> [Data records]
____

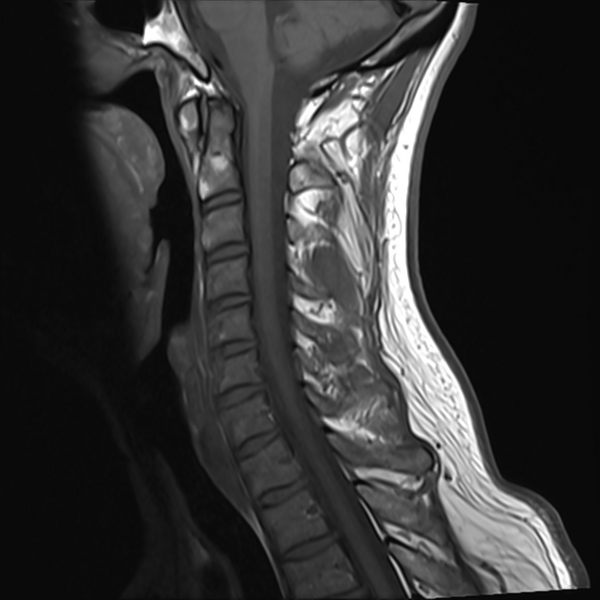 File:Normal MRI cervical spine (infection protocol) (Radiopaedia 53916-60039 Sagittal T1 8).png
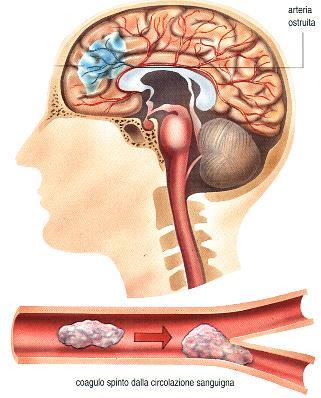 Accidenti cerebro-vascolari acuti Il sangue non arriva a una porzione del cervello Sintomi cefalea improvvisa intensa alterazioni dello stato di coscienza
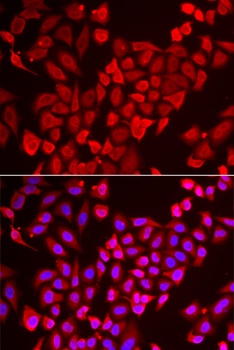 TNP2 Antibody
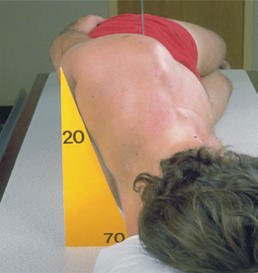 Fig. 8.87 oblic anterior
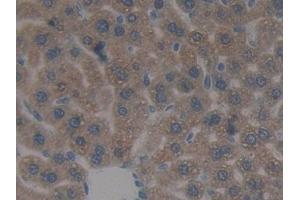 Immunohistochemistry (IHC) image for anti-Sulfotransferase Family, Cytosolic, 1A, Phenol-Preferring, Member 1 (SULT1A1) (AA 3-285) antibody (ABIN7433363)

____

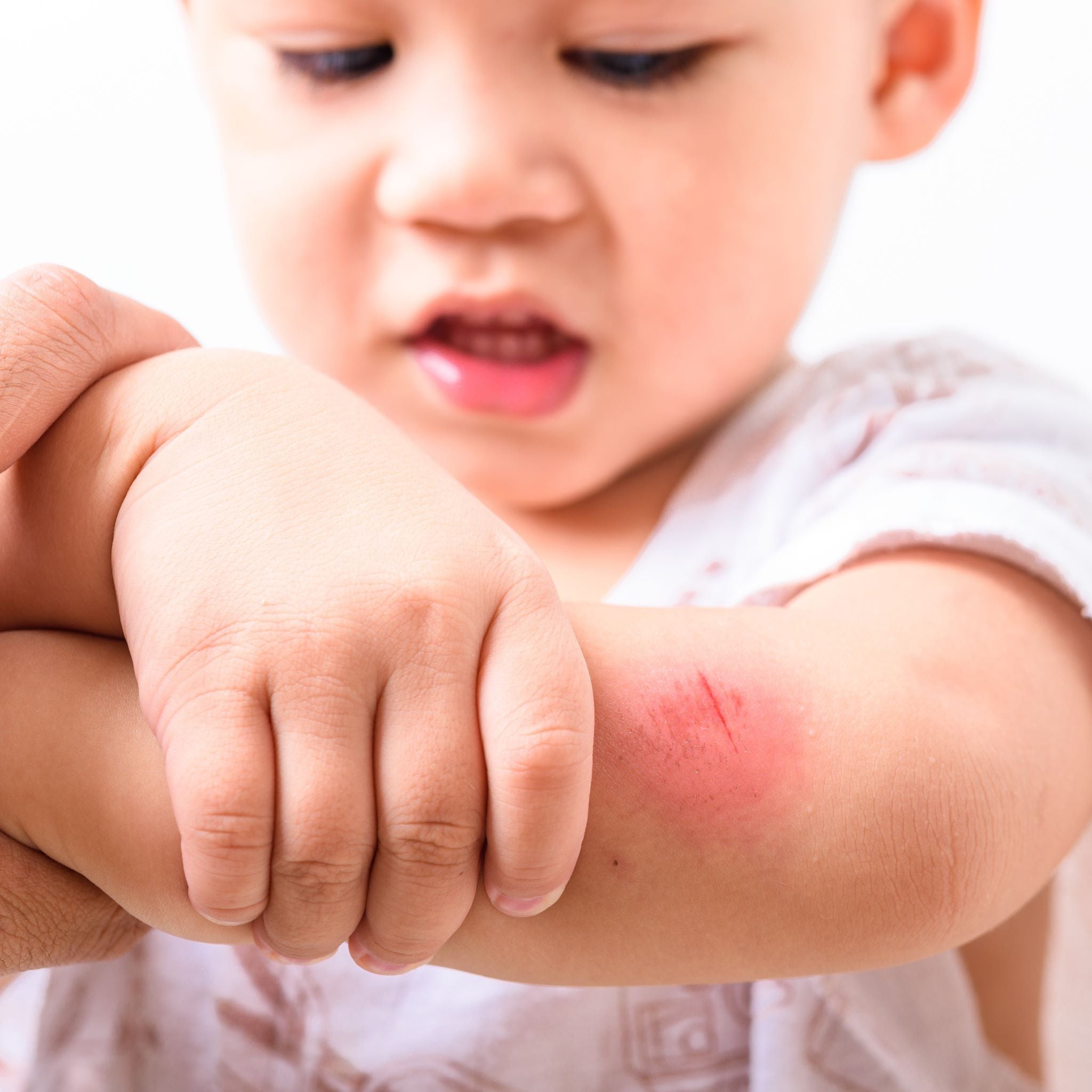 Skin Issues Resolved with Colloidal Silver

____

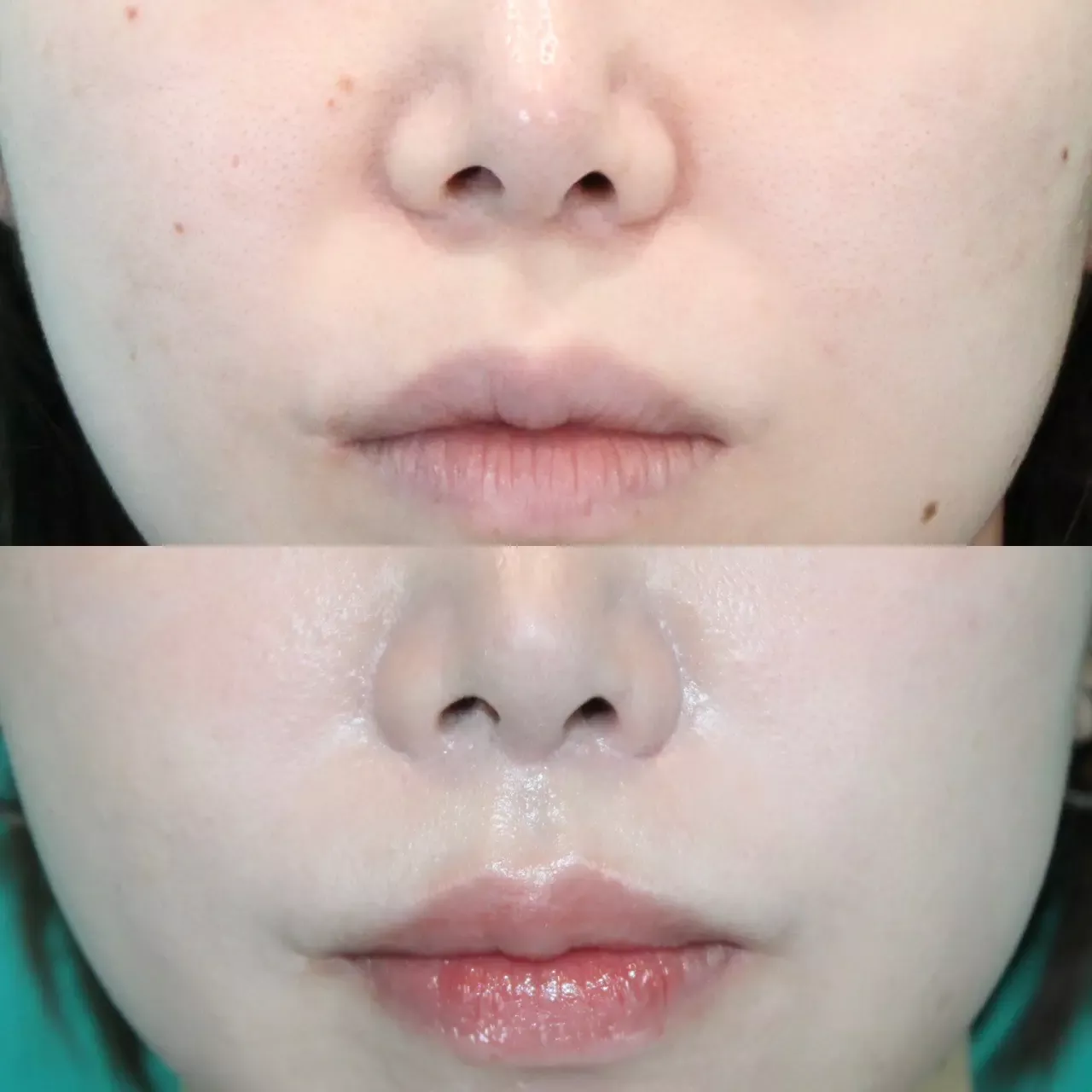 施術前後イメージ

____

> [Task prompt]
Skip every picture, and restate word for word only the lines above from the line containing "TNP2 Antibody" to the line containing "Immunohistochemistry (IHC) image", both of them included.

> [Worked solution]
 TNP2 Antibody
 Fig. 8.87 oblic anterior
 Immunohistochemistry (IHC) image for anti-Sulfotransferase Family, Cytosolic, 1A, Phenol-Preferring, Member 1 (SULT1A1) (AA 3-285) antibody (ABIN7433363)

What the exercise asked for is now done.